VacciNation: Exploring vaccine confidence
Background
Since January 2021, over 15,000 people have shared their views and experiences of the COVID-19 vaccine with Healthwatch. We’ve been able to use this information to quickly raise concerns with the Government, NHS England and other stakeholders throughout the vaccine roll-out programme.
Although overall feedback has been positive, Healthwatch England found that a minority of people from specific communities remain uncertain whether taking the vaccine is right for them. To understand why, what was lacking from the current roll-out strategy and help address concerns, we commissioned Traverse to look at groups with lower vaccine take-up.
This research included in-depth conversations and online exercises with 95 participants from African, Bangladeshi, Caribbean, and Pakistani ethnicity over five weeks during March and April 2021.
Key findings
Attitudes to the COVID-19 vaccine are incredibly personal, so we cannot make broad conclusions about the views of whole communities. However, understanding the reasons behind mistrust and low confidence in our healthcare system is a step towards addressing health inequalities moving forward.

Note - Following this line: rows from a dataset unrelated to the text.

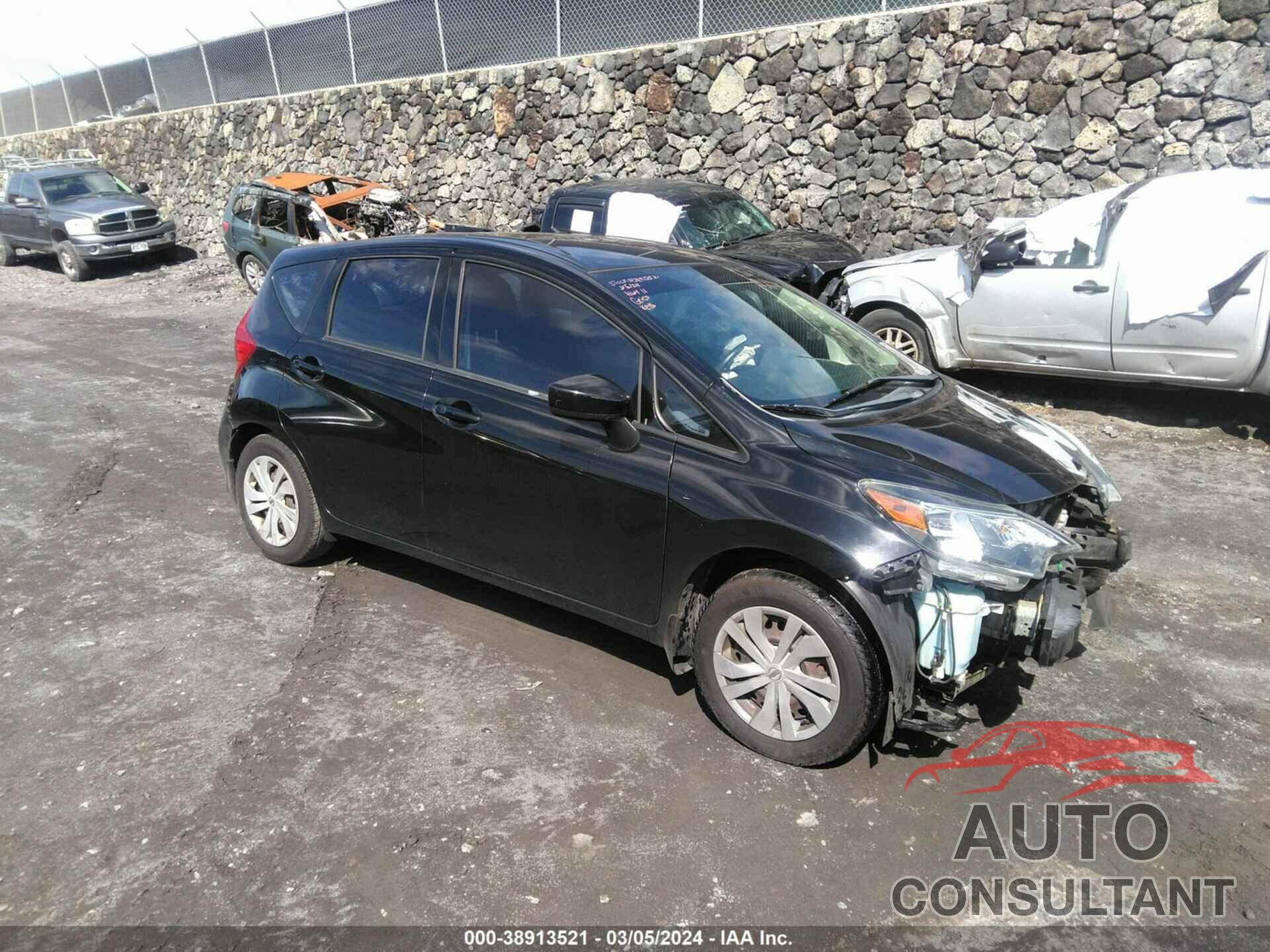 NISSAN VERSA NOTE 2017 - 3N1CE2CPXHL382090
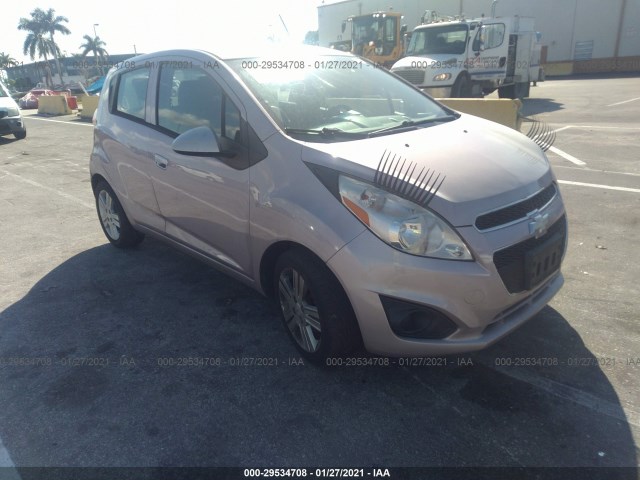 CHEVROLET SPARK 2013 kl8cd6s95dc600817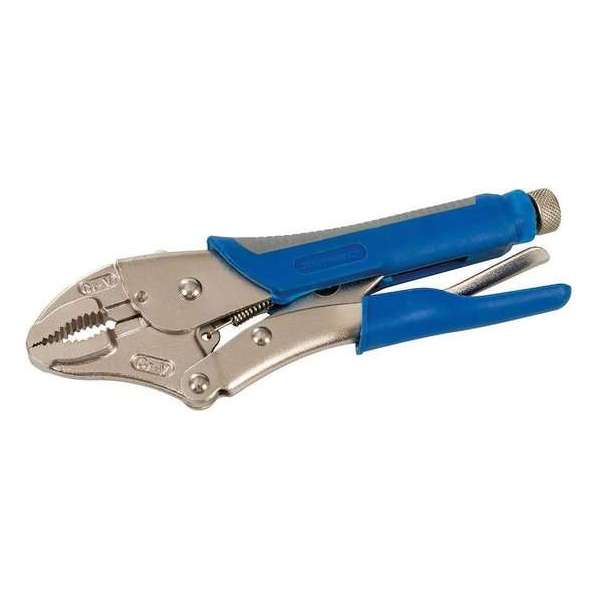 Silverline Soft-Grip Griptang - Zelf-Vergrendelend - 250 mm. Silverline Soft-Grip Griptang - Zelf-Vergrendelend - 250 mm.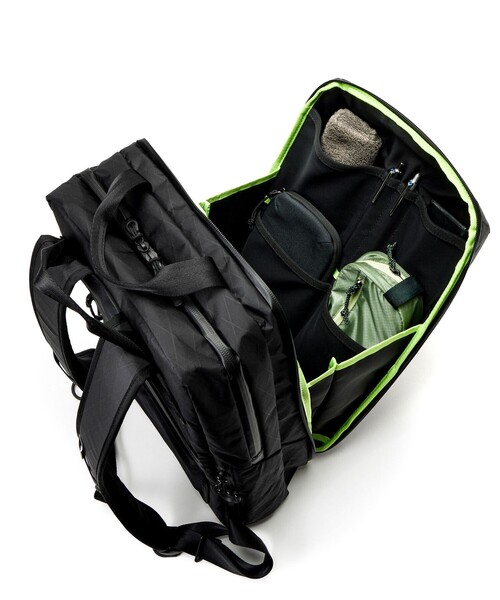 beruf baggage（ベルーフバゲッジ）の「【beruf baggage/ベルーフ バゲッジ】brf-GR26 URBAN EXPLORER NARROW（バックパック/リュック・メンズ・ブラック・FREE）」の10枚目の写真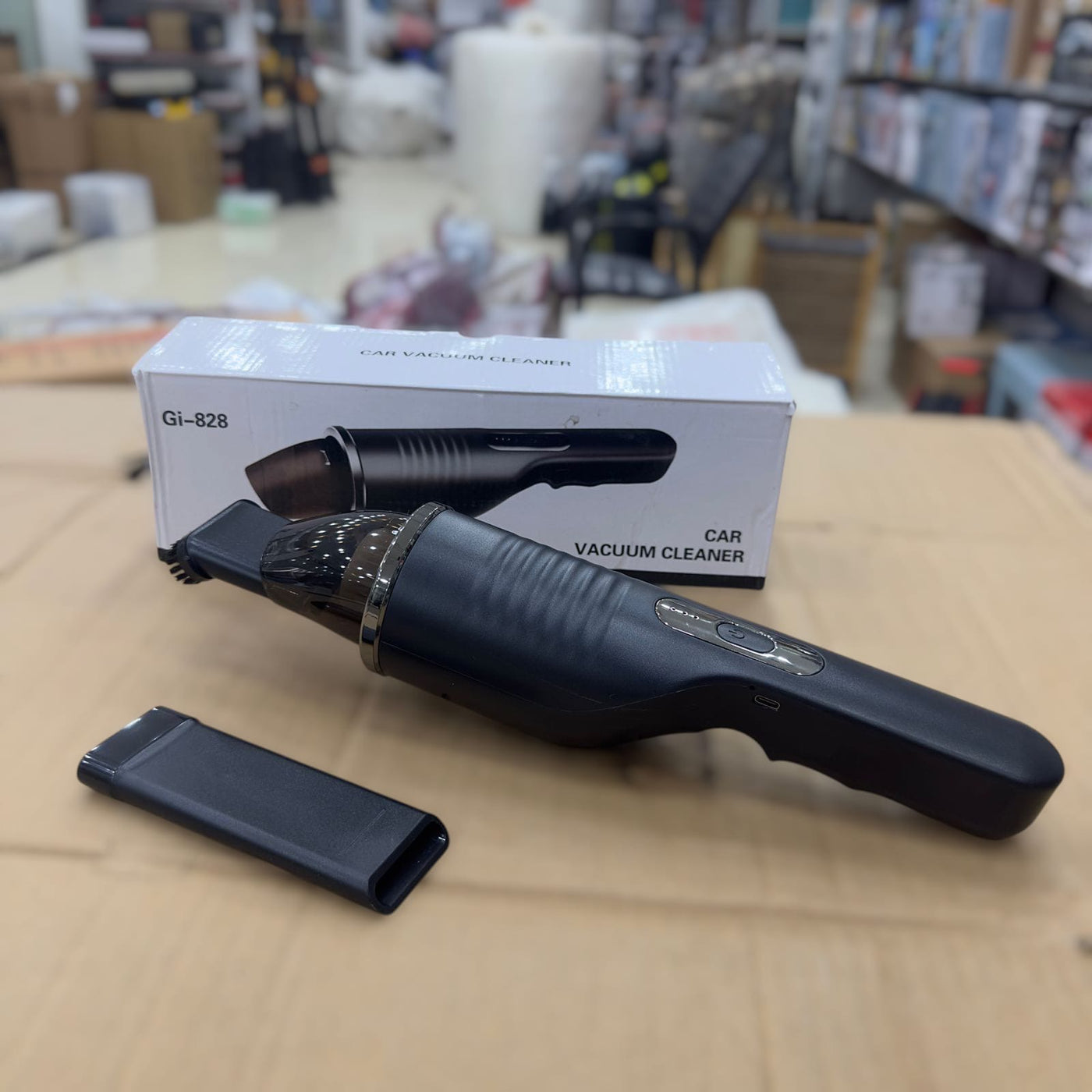 Imported Rechargeable Portable Car Vacuum Cleaner GI-828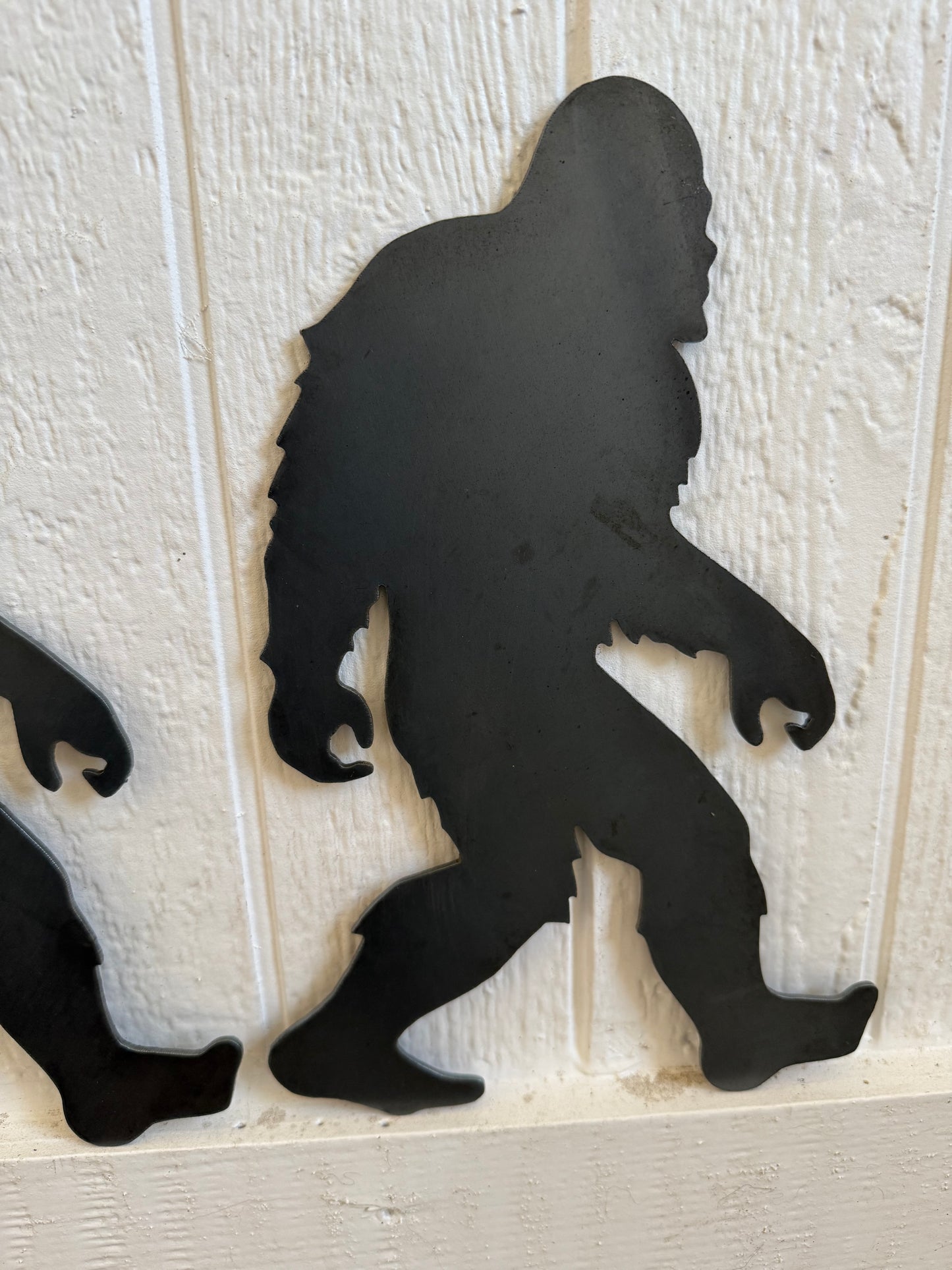 Bigfoot Metal Art Cutout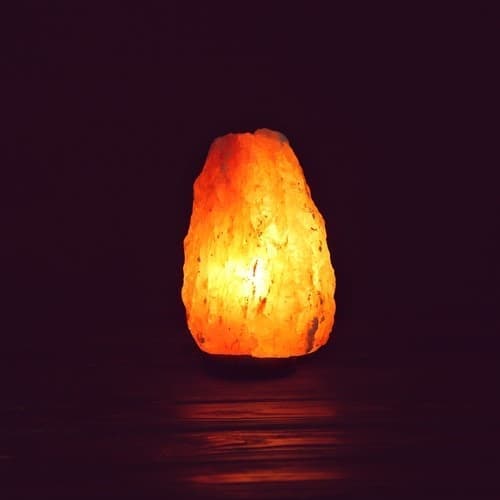 Saltlampe Dæmpbar - 3-5kg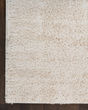 Modern Shag MMD04 Ivory Beige Area Rug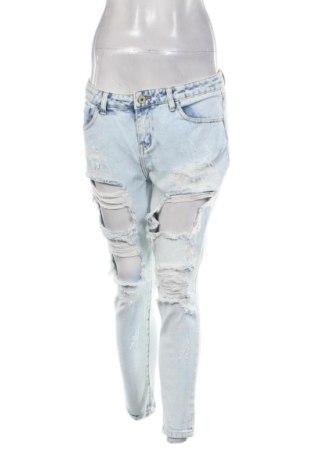 Дамски дънки Denim Co., Размер L, Цвят Син, Цена 14,82 €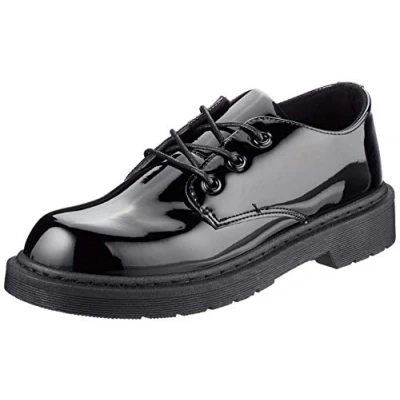 Image of Urban Classics Unisex Low Laced Boot Hiking Shoe, Black, 5 UK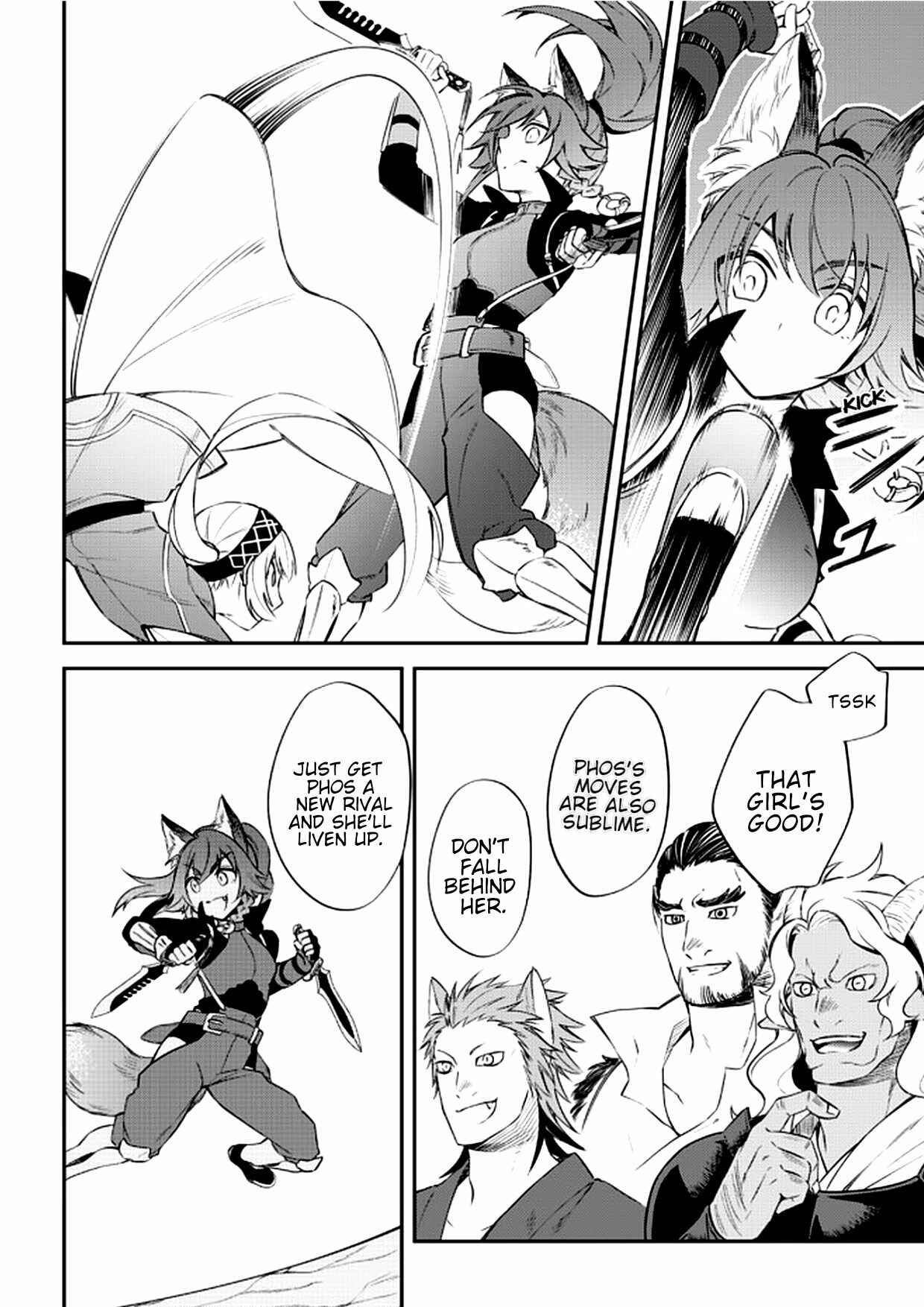 Page 18 Chapter 38 Tensei Shitara Slime Datta Ken: Ibun - Makoku Kurashi no Trinity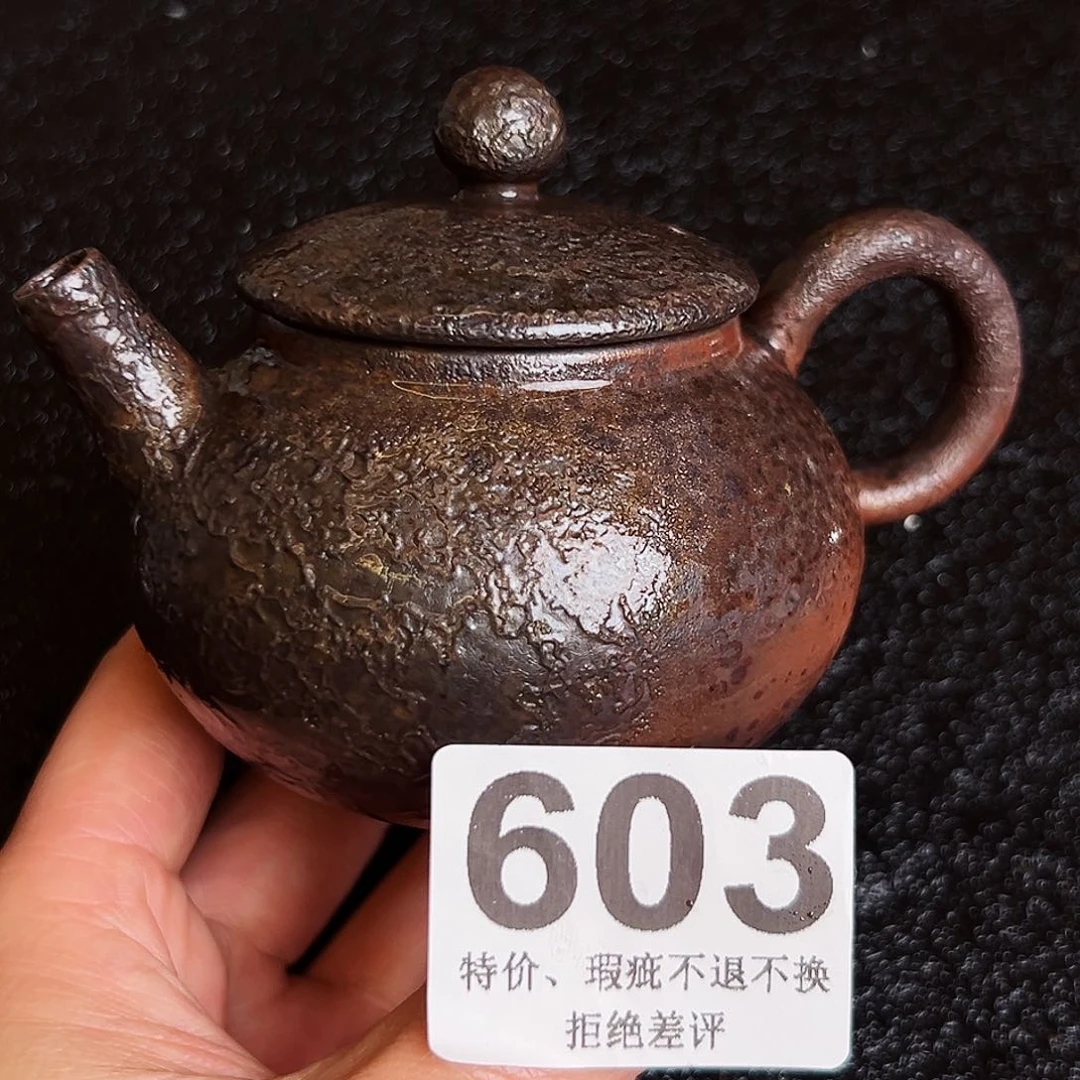 壶泥舍柴烧精品茶器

Our research uncovered five ways to increase public confidence:
- Individual agency: Give people the ability to decide about the vaccine by providing them with all the information.
- Independence: People are more likely to trust organisations and people, like doctors, scientists and the NHS, when they act independently from the Government.
- Transparency: Transparency and trust go hand in hand. It’s essential to make all information about the vaccine public and accessible.
- Experience: The public trust and rely more on the experiences of frontline healthcare workers, local doctors and everyday people.
- Targeted messaging can miss the mark: Black and Asian people felt singled out and forced into a decision through targeted campaigns. Reaching out to these communities and engaging locally and directly was more effective.